Thursday, May 07, 2009

Keep politicians away from roads

The nonsense of Auckland City Councillors arguing about whether a barely used bus lane should be allowed to have wider usage speaks volumes about why politicians are profoundly incompetent at running what is essentially a utility service.

It's very simple. The NZ Herald reports that the Auckland City transport committee has decided to allow the Tamaki Drive bus lane to be open to any vehicles with 2 or more occupants, largely because the lane lies empty every 7.5 minutes at peak times, whilst parallel lanes are congested. An intelligent decision, although it could be better (as there is no reason why all heavy vehicles couldn't use it, since they pay more than any other vehicles to use the roads anyway, and have no reasonable alternative.

However, the leftwing halfwits at City Vision disagree. They would rather a precious scarce resource (road space) remain empty, whilst cars, taxis and trucks sit held up, wasting more fuel (and emitting more pollution and CO2) than would otherwise be the case. They baulk at money for the conversion coming from the "public transport fund", which of course is a little precious.

It's a quasi-Soviet central planner attitude that people using cars are "bad" and should be punished (presumably also trucks, because freight should go on rail), but public transport is "good" and everyone else should be forced to subsidise it.

Auckland's local roads should be given over to a new council controlled organisation, at arms length from all politicians, with a board, and a mandate to operate the road network to encourage free flow of people and goods and make a profit doing so. It would get money from kerbside parking (which it would run to maximise profits), any tolling, rates (as a transitional measure) and bidding funds from the National Land Transport Fund (as councils do at present).
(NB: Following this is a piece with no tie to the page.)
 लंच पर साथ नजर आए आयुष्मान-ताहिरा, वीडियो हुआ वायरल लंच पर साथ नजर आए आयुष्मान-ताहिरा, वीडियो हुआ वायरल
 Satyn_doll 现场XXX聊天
It should also be allowed to hand over local streets to body corporates of adjoining property owners if they so wish, and build new roads (tolling them if it sees fit).

Then you might get roads for those who pay for them, with the highest priority going to those who pay the most - at the moment truck owners and private cars.

So do that along with amalgamating Auckland councils (and getting rid of the power of general competence), and you might help address Auckland transport far more than an electric train set.